Become More Organized to be More Productive this Year

Organize 1.16.19

A recent blog admonished readers not to make New Year’s resolutions; that does not mean that a new year is not a good time to make some positive changes in one’s life. One helpful task is to become more organized with the end result being an improvement in workplace productivity. According to Lisa Zaslow, a founder of Gotham Organizers, “Surveys show the average person loses an hour a day to disorganization, but it actually takes much less time to get and stayed organized.” An OfficeMax study found that nine in ten Americans admit that unorganized clutter at home or at work has a negative impact on their life. Their productivity (77%), state of mind (65%), motivation (53%) and happiness (40%) are affected when there is disorder. Despite this “epidemic” of disorganization, the good news is that 71% of those surveyed in the OfficeMax study feel accomplished when they organize their workspace, while others feel in control (68%), confident (54%), motivated (52%), and relaxed (43%). There are ways to get organized and here a few tips to start you on your way to a more efficient 2019.

Reduce clutter
Taking some leeway with scientific definitions, it is generally believed that entropy naturally occurs and if not well-maintained, an office, desk, closet, etc. will naturally move toward disarray. It is therefore important to take some time to sort through papers and other items to determine what needs to be put away or discarded. It is nice to have some personal touches on your desk, cubicle or office wall, but take it easy to avoid clutter and appearing unprofessional. While it is easy to say that we don’t have time to clean, if we take time once and then a few extra minutes as we use items to put them in their right place, we will save much time energy going forward. Clear off your desk and keep only daily used items on it.. Think before you print, and store documents online or in a cloud. If you do keep paper copies, create a system of folders and never mark a folder “Miscellaneous.” Folders can be labeled for work in progress, waiting for a response and then once the project is completed, it can be filed away from the prime filing spot. Be careful of cross filing. I worked in an office where it seemed every piece of paper was triplicated and filed by subject and subtopic, document type (report, memo, etc.), and to whom the document was sent.

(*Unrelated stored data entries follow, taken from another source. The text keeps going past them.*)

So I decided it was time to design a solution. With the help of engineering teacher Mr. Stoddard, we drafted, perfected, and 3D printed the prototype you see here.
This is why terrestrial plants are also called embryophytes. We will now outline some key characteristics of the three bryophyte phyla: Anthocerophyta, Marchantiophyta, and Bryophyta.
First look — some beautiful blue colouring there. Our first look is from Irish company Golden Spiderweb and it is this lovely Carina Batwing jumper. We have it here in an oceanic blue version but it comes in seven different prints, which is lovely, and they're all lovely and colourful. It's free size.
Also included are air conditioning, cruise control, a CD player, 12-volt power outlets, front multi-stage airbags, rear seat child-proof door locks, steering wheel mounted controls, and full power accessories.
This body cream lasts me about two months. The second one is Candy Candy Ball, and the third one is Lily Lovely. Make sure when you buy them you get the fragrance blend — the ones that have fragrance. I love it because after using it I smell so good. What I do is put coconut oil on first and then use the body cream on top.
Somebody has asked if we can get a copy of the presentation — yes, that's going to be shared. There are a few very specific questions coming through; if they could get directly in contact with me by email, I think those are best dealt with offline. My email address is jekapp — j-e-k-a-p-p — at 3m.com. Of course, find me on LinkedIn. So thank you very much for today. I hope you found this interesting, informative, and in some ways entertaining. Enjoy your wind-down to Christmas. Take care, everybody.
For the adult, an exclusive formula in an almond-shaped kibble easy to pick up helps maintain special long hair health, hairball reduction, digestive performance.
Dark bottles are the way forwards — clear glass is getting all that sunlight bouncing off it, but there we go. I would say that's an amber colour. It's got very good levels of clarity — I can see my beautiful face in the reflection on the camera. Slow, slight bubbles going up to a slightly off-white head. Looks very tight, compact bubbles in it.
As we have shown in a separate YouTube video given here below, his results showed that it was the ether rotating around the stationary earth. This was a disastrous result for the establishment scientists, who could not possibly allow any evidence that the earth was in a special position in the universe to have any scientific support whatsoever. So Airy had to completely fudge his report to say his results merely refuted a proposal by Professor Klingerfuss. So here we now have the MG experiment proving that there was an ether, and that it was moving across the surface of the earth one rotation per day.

I love a good to-do list and the ability to cross off completed items. Make your to-do list for the next day before you leave the office the day before. In this way, you will have a roadmap ready to go for the next day. You can also create your own ranking system with color coding or stars or your favorite symbol, to note the most important tasks. At one agency where I worked, we did our daily hot list and shared that with fellow team members. At NRPR, we share our Fire Up lists daily and at the end of the day, Fire Down lists showing tasks completed. There are also numerous apps such as Evernote and Swipes to help you to organize your to-dos. Others suggest using your calendar as part of your to-do and scheduling time to work on specific tasks. Look out for the tendency to dismiss reminders of to-do appointments. Look at your to-do list and decide which items are of highest priority, which can be delegated, and which can be relegated to another day.

Develop good work habits
Some people are morning people, some people are not. We often hear advice on doing the most important work in the morning or quickly accomplishing shorter tasks first thing. There may not be a correct answer here, but in general it is best to do your most demanding tasks when you are at your personal best. It is also important to avoid multitasking, which splits your concentration. David Strayer, a professor of psychology at the University of Utah has found that only 2 percent of the population has the brainpower to successfully multitask.

As with New Year’s resolutions, the key to organization and productivity begins with small steps and doing what works for you. I may be a morning person who likes to check items off her to-do list. Someone else may like to take an exercise break midday and work later into the evening. As long as your boss agrees with your workstyle, it should all work out.